● **WHAT THE EXERCISE ASKS**
Each line below from the line with "Judy Blue Jeans" to the line with "Bäcker mit grüner" must be copied exactly, including those two, and no picture may appear in the copy.

(Crawled caption data)
* * * * * * * * *

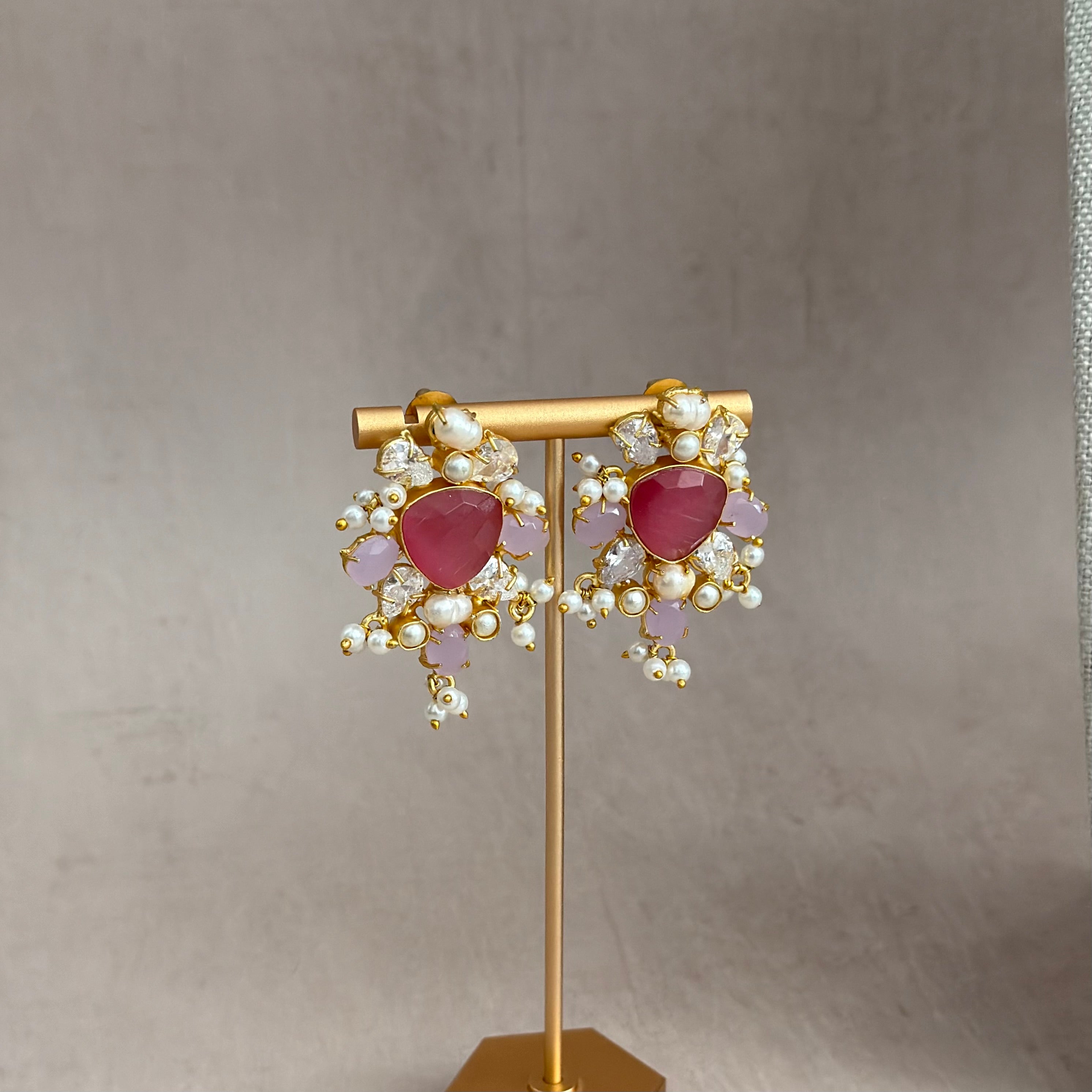 Qamara Pink Crystal Choker Set - Ahseya & Co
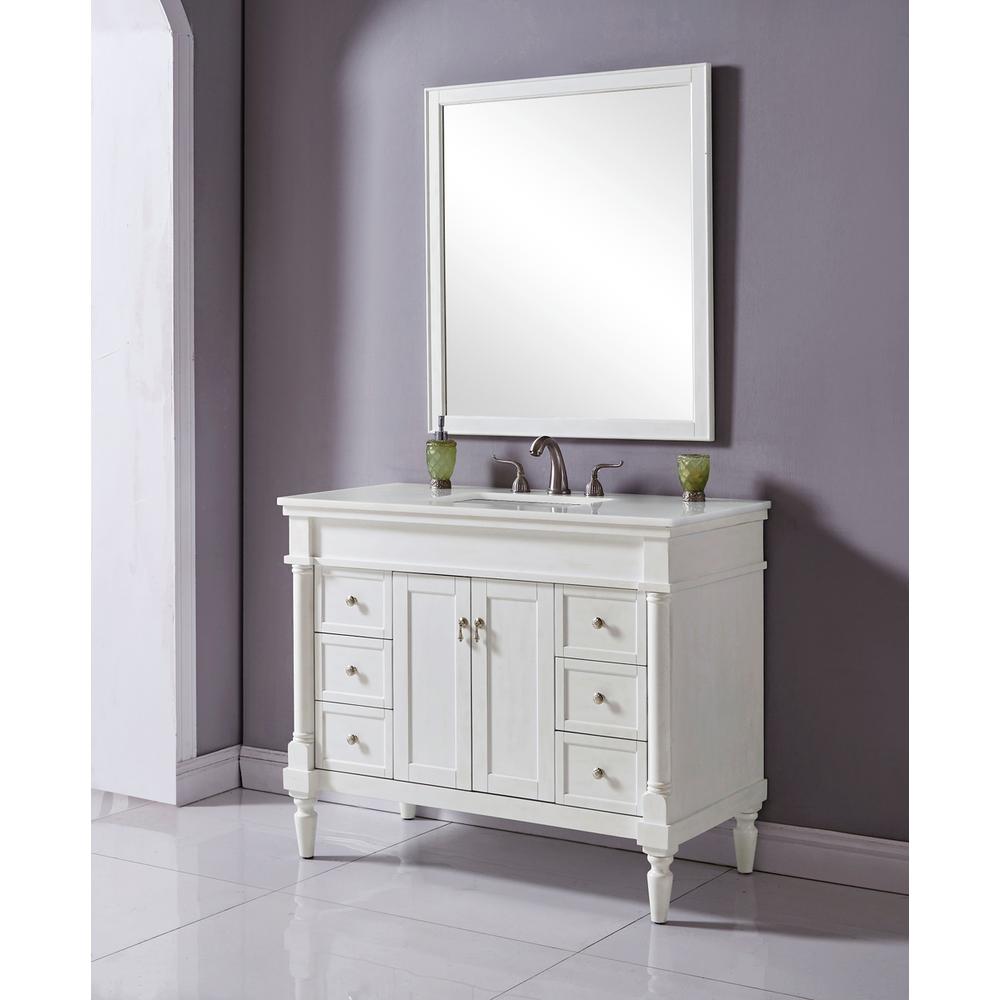 42 inch Single Bathroom vanity in Antique White. Picture 10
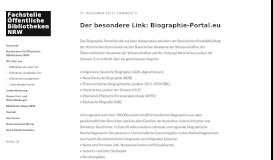 
							         Der besondere Link: Biographie-Portal.eu | Fachstelle Öffentliche ...								  
							    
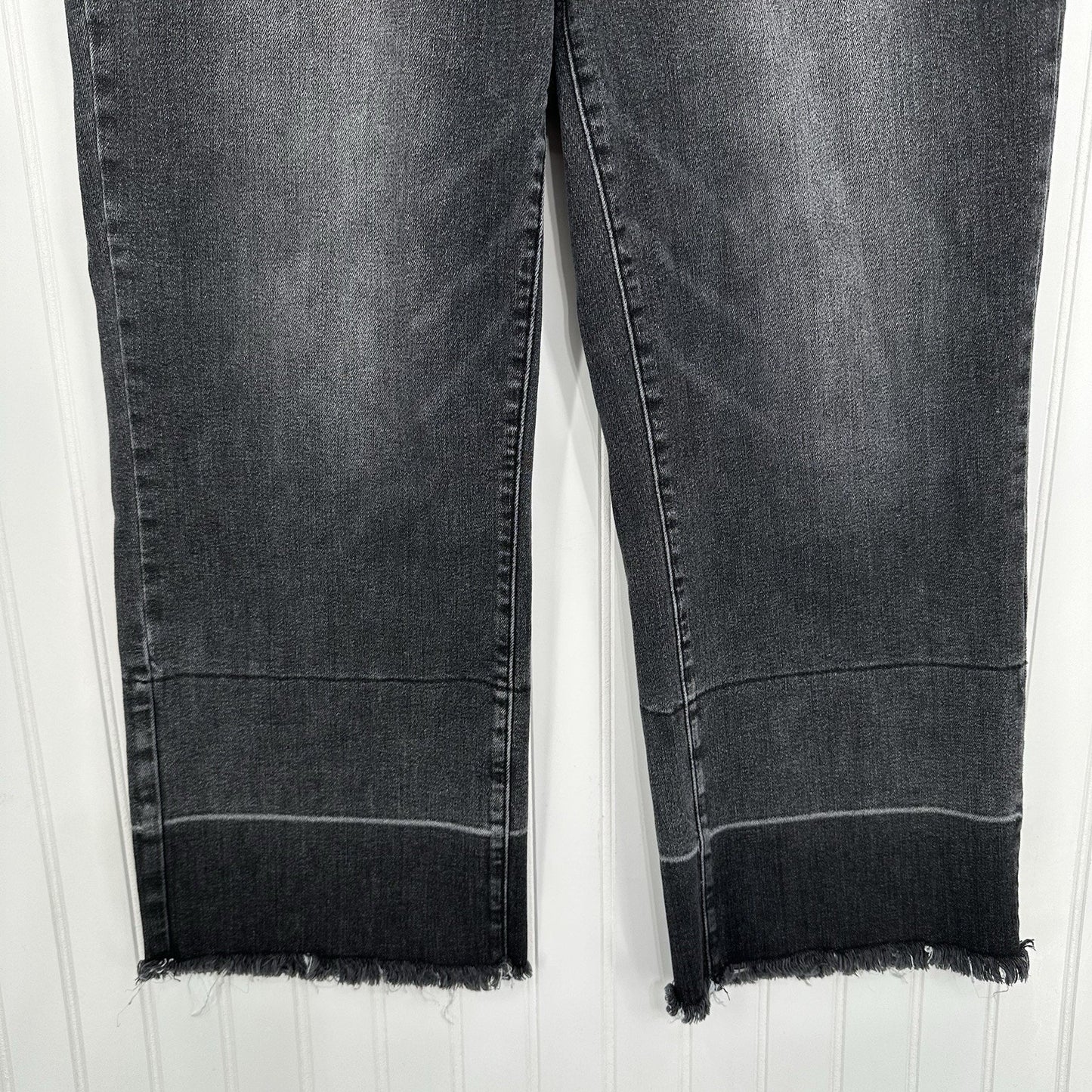 Judy Blue Jeans Womens 13 31 Wide Leg Crop High Rise Gray Denim Boho Grunge EUC
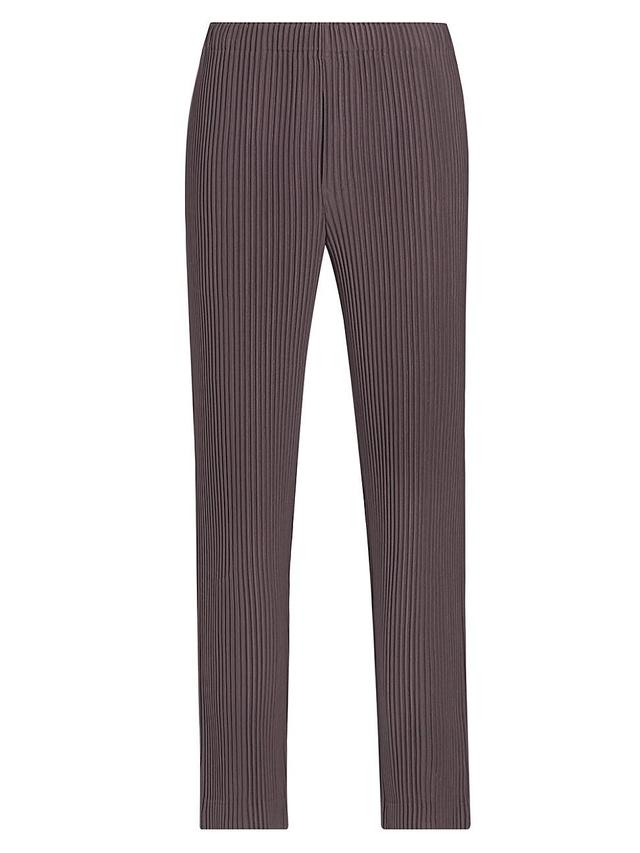 Mens Pleated Straight-Fit Trousers Product Image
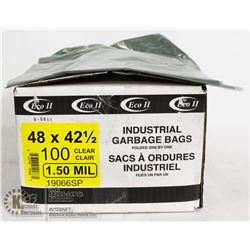CASE OF 100 CLEAR 48X42.5 GARBAGE BAGS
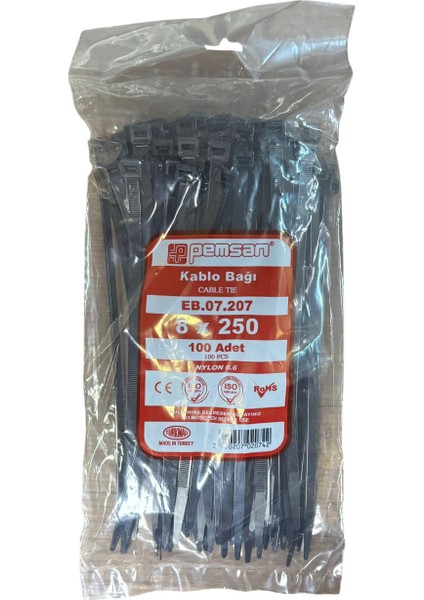 Kablo Bağı Cırt Kelepçe 8X250 mm Siyah 100 Adet Fiyatıdır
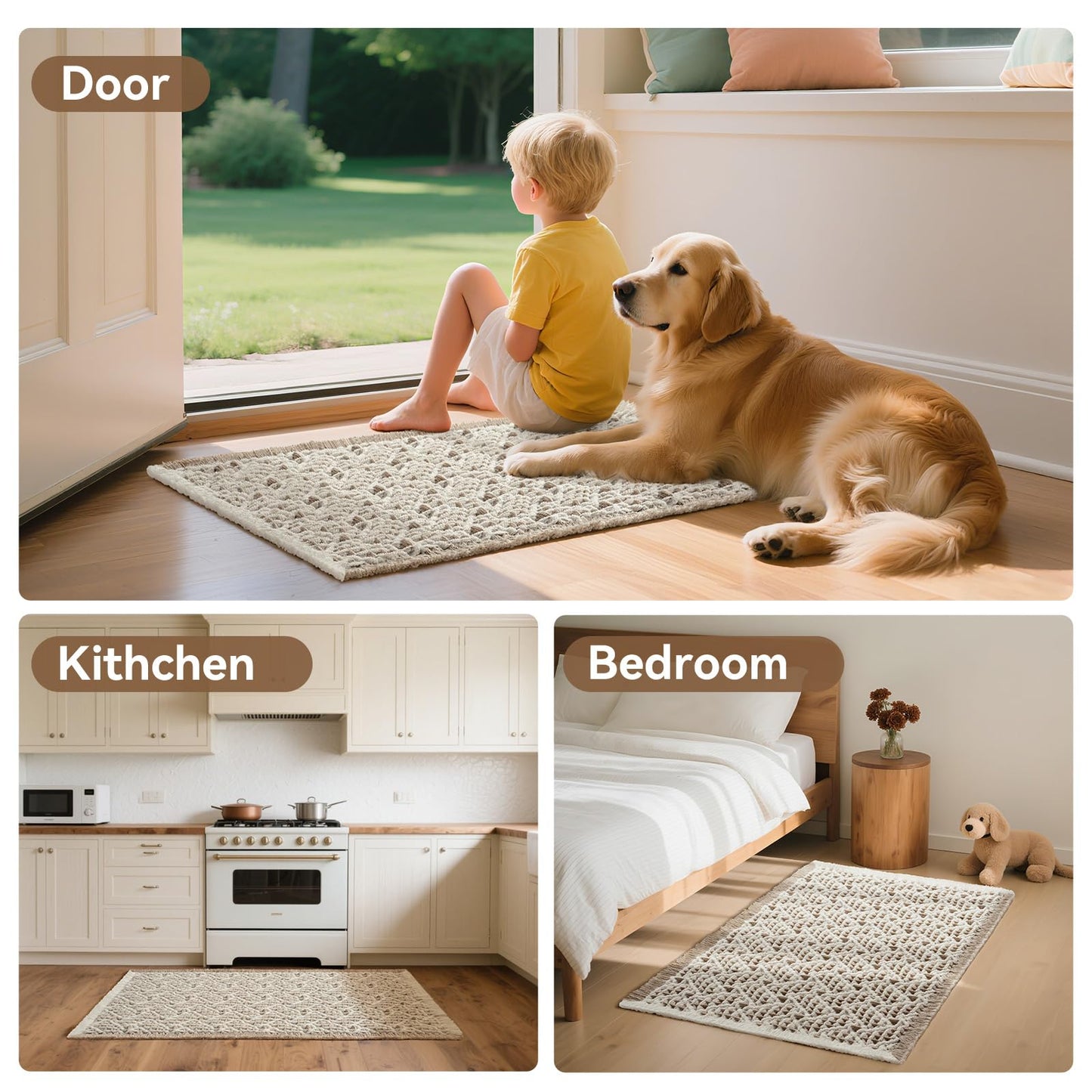 QiCaiJia Waffle Bath Mat, Boho Bathroom Rugs Extra Soft and Absorbent Non Slip Washable Bath Rug, Rubber Backed Bathroom Floor Mat Outside Shower Mat, 17x24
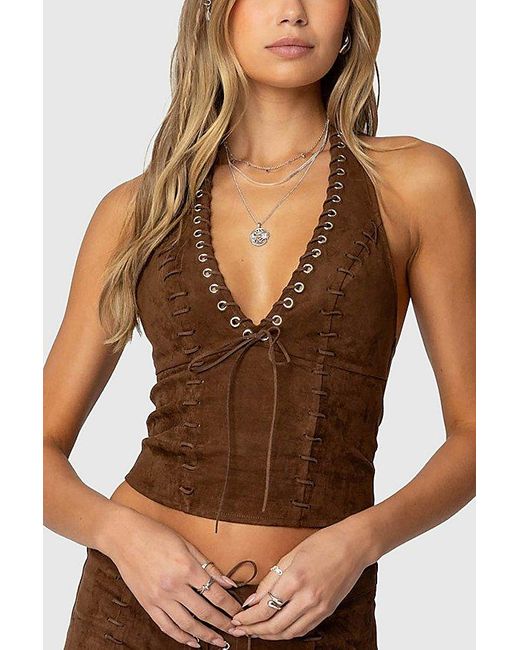 Edikted Brown Sloane Faux Suede Halter Top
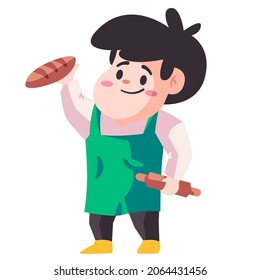 Bäcker mit grüner Schürze halten rollende Pin und Teig moderne Cartoon-Flachfarbe einzelne Hintergrund Vektorgrafik
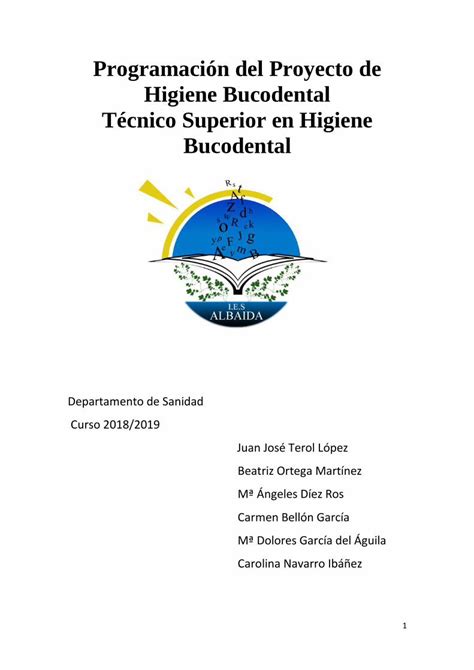 Pdf Programaci N Del Proyecto De Higiene Bucodental T Cnico La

* * * * * * * * *

● **ANSWER TO THIS PROBLEM**
 Judy Blue Jeans Womens 13 31 Wide Leg Crop High Rise Gray Denim Boho Grunge EUC
 Mens Pleated Straight-Fit Trousers Product Image
CASE OF 100 CLEAR 48X42.5 GARBAGE BAGS
 Kablo Bağı Cırt Kelepçe 8X250 mm Siyah 100 Adet Fiyatıdır
 QiCaiJia Waffle Bath Mat, Boho Bathroom Rugs Extra Soft and Absorbent Non Slip Washable Bath Rug, Rubber Backed Bathroom Floor Mat Outside Shower Mat, 17x24
 Edikted Brown Sloane Faux Suede Halter Top
 Bäcker mit grüner Schürze halten rollende Pin und Teig moderne Cartoon-Flachfarbe einzelne Hintergrund Vektorgrafik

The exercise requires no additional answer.